I say this not to provoke an argument with you, so let me be clear about that! I'm VERY strongly against religion in all its forms, and I don't believe in God one bit.
HOWEVER - and this is a big however - I think this is one case where prayer may actually be useful because you're handing off responsibility for the anxiety. You're essentially "giving up" and letting an entity you believe in handle it, and the "giving up" part is essential because you stop fighting your own body and mind.
When there's a missing child and people say "I'll pray for him" that annoys me REALLY badly, because it's tantamount to doing nothing. If you want to help find a missing child, put your bloody shoes on and go look for him, know what I mean? But I digress. If it helps you get over anxiety by handing that task over, then go for it. You could also speed up the process by just taking ownership of the problem and taking the necessary steps. When people give all the responsibility (and the credit!) to god I don't know that it's a good thing. People (including atheists) are all capable of amazing things. I feel bad that religious people can't be proud of something they did themselves. When I overcame my anxiety, I knew *I* did it, and that gave me a sense of pride and ownership for my own recovery.

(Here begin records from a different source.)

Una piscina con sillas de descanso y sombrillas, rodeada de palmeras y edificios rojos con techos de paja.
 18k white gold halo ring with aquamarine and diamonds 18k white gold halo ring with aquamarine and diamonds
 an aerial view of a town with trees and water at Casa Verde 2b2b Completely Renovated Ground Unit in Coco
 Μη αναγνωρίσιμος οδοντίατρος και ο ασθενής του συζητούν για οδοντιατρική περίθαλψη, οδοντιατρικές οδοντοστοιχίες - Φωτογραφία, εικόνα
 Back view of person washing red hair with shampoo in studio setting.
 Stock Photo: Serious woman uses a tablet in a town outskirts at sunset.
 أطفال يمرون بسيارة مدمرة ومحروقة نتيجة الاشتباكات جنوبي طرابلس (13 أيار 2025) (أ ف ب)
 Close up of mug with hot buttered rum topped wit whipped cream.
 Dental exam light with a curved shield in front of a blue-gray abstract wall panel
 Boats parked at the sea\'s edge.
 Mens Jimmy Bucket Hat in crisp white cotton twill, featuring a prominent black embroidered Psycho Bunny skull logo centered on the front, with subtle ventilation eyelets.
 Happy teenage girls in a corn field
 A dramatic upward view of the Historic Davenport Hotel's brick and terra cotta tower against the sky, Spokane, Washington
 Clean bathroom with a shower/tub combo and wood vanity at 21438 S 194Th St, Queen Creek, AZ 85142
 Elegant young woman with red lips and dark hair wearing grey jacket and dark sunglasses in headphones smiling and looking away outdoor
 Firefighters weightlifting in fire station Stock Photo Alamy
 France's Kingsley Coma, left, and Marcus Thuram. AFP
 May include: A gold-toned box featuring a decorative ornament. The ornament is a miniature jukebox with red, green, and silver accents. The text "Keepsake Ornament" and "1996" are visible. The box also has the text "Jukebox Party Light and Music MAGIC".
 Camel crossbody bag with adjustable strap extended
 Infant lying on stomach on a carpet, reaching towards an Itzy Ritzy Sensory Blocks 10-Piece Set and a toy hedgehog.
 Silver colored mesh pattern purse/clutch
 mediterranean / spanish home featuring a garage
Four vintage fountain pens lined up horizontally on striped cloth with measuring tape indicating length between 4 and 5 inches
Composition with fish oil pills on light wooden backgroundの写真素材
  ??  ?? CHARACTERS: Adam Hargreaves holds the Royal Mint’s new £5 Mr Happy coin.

The way that I was introduced to God and prayer, I look at this completely differently than you. Since I am not looking to began an argument either, I’m going to leave it at that.
In reply to your other reply to me, that’s incredible that you were able to get off of it even after being on it. So many people have problems getting off medication. I can tell you have strong willpower. I also can’t believe you went grouch this for an entire year. Did you have frequent ER/doctor visits as well?
The medication was easy to get off of because a) I was on a VERY low dose (half of the lowest dose pill strength - I had to cut mine in half) and b) I took it for an extremely short time. I think medication should be avoided at all costs for certain people and anxiety types/degrees. The doctors are too quick to throw pills at the situation. A "simple" case of anxiety only needs understanding, self-awareness and willpower (as you pointed out). I feel like people don't realize that taking meds for it is basically the same as drinking to overcome stress. You're not getting rid of the source of stress - you're just taking the edge off so it doesn't bother you as much. Overcoming anxiety is 100% possible without medication, and could in fact take LESS time because meds just help you cope with it and drag it on longer.
EDIT: sorry, missed a question. I went to the ER twice in over a year, but had I given in every time I felt like I *should* go, I'd have just moved in. lol
I agree. I wish there’d be more of a focus on addressing the emotional part of anxiety. Lol sometimes I feel that way like maybe I’ll just move in to the ER since I’m here too often anyway lol. But I just say I’m having an easier time rationalizing through the anxiety.
There is “NOTHING SIMPLE” about an anxiety disorder.. it is very difficult to treat...willpower is very difficult when you are going down the rabbit hole..
Taking meds IS NOT the same as drinking . People with anxiety have unbalanced brain chemicals and need help to balance them.. MEDS are the best thing that ever happened for people with anxiety.. couple that with getting enough sleep, a good diet and most of all...EXERCISE...
There are many that suffer with anxiety over a lifetime and wishing it away is not possible by most anxiety sufferers... :(:(
Ok I’m not sure why my other post is still there I thought I accidentally deleted it but oh well.
This is exactly how I feel. It makes me want to give up. I feel like I can’t even think straight. I have been diagnosed with Lyme disease but I can’t even handle the treatment.